Khuong Van Truong pleaded guilty Thursday to counterfeiting charges in one of the largest pirated video cases on the West Coast, the district attorney's office reported.
The case came to light when Truong's 2-year-old son walked into a busy intersection while Truong was not home, Deputy District Attorney Ben Field said.
A passing driver stopped to care for the boy and call police.
When officers arrived, Truong returned home and allowed officers inside the house, where a pirating operation was discovered.
Truong had been making and selling the counterfeit video games, movies and music CDs, and was also found to be in possession of marijuana, illegal mushrooms, steroids and ecstasy, Field said.
Truong was arrested and faced two counterfeiting charges, three felony and one misdemeanor drug charge, and a misdemeanor child endangerment charge.
The court offered Truong a county jail term in exchange for a guilty plea on the counterfeiting, narcotics and child endangerment charges.

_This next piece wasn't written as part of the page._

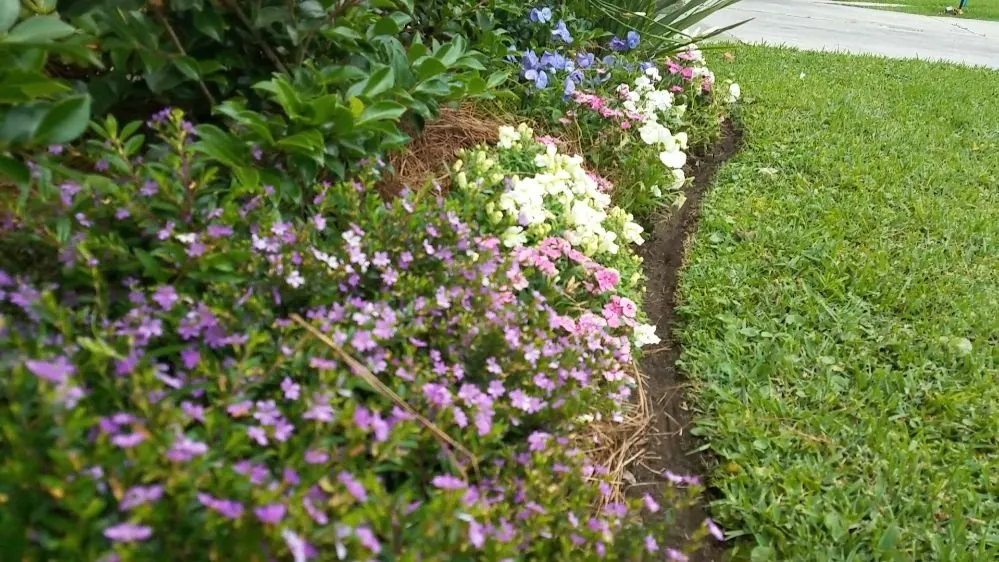 Top-rated lawn mowing service in Metairie, LA by Quick & Clean Lawn Care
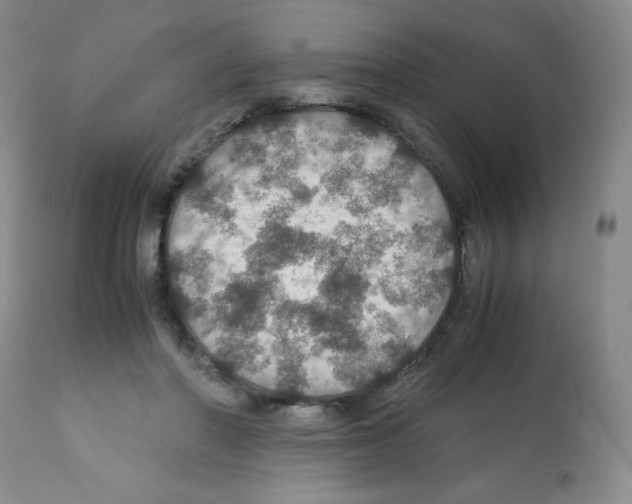 X0000112010406200909141130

He will be sentenced before Judge Rene Navarro on Feb. 3 and likely faces about 10 months in jail, according to Field.
Field said the case is an additional warning to the community. "Despite all the warnings on videogames, movies and music CDs not to copy, many people think we don't prosecute counterfeiting," Field said. "But we do."
Field said protecting the developers of software, the producers of movies and the artists who release music is essential.
"Especially here in Silicon Valley," he said.